Rimmel lipsticks are cheap and good value, and they have lots of fun colours. L'Oreal lipsticks are nice too but their colour palette leaves much to be desired.

Just head to a drugstore that has testers and try out!


----------



## snugglebunny (Oct 15, 2007)

unfortunately no store here in houston TX has testers apparenlty.
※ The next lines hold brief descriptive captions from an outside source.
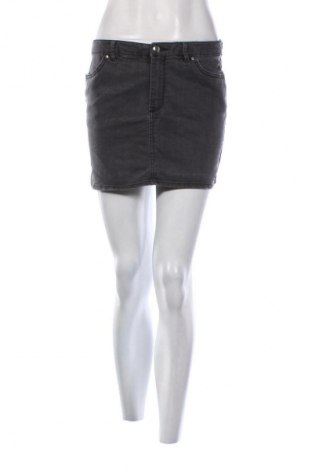 Пола H&M, Размер S, Цвят Сив, Цена 2,55 €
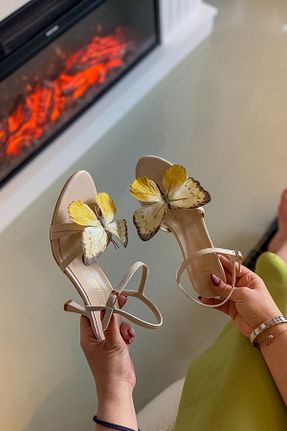 کفش پاشنه بلند کلاسیک بژ زنانه چرم مصنوعی SHOEBELLAS - کد 905732826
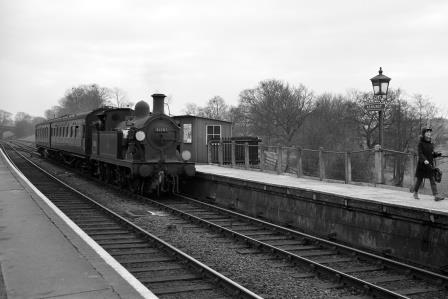 BR(S) H class 31263 at Ashurst Station, Kent with a Tunbridge Wells West - Oxted service on Saturday 23 Mar 1963 - D. Esau [156368]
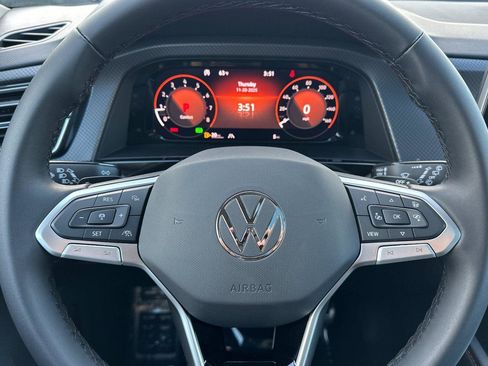 New 2026 Volkswagen Atlas Peak Edition image 23
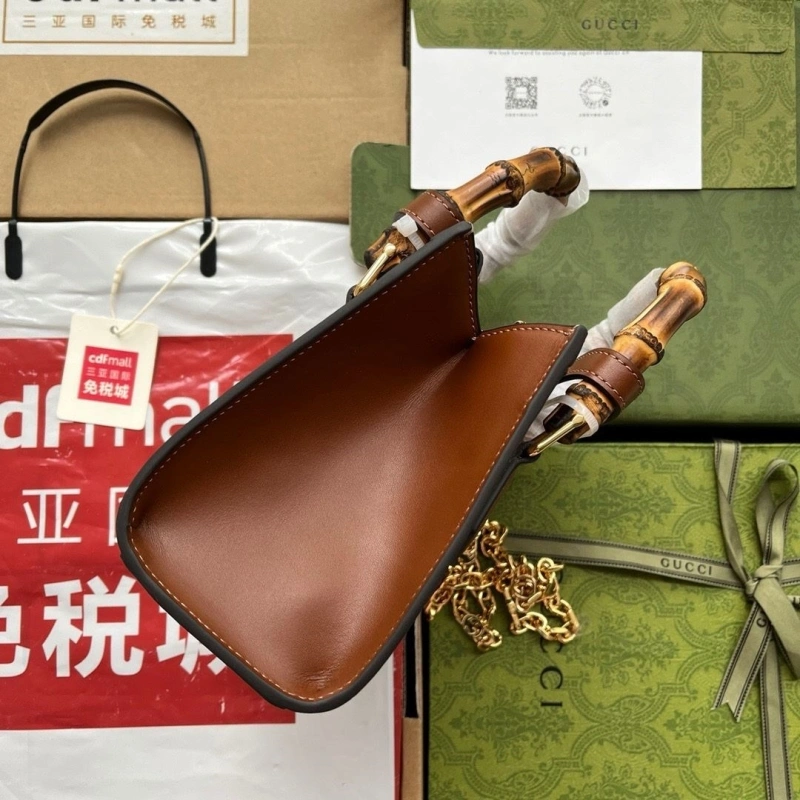Gvc*1 top handle bags 4036c-3080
I went to these stores and *no testers* were there, only cameras everywhere  to catch your act and get you in trouble:
- 4 different Walmarts all over houston, not just one part of the huge city
- 3 different CVS
- 3 different walgreens
- Target
- Ulta (only had testers for high end brands, not drugstore brands that im looking for)
- 2 different H.E.B. grocery store, one in Katy and one in Houston
- Randalls grocery
- Sally Beauty Store
- 2 different Krogers grocery store

that's why i asked if anyone had any pictures to share of different shades of lipstick because I have tried sneaking color swatches onto my hand at the stores, but workers are everywhere to catch me, and not only that, but colors on the skin and colors on the lips look different, and I'm definitely not able to test out the colors on my lips =( . I've tried so hard to look for swatches but I just can't find any that fits the shades i would like to have 
	

	
	
		
		

		
		
	


	




.


----------



## meiming (Oct 15, 2007)

I just found this link in the swatch request thread and even though they are high end brand colors...you may see one(s) you like and find a drugstore dupe based on the shade?
http://compare.raquel13.com/

Also, here's the swatch thread if you want to wade through it yourself:
http://specktra.net/showthread.php?t=66615


----------



## makeupgal (Oct 16, 2007)

I think you will LOVE the Rimmel lipsticks.  I own about 100 MAC lipsticks, yet on a couple of FOTD's I've posted here, I used Rimmel because I was going for the nude look you are describing.  Check them out.  Wal-Mart sells Rimmel and so does CVS and Walgreen's.


----------



## shimpaniac (Oct 16, 2007)

umm...sorry for late reply...
someone above said the loreal range of colours is limited...true...but im not talking about the old color riche...i meant the new NUDES range theyve come out with...
anyway...i dont promise, but ill try to swatch the colours for you...very soon...
just give me a while...
hope it'll help!!(never posted a swatch here before!!)


----------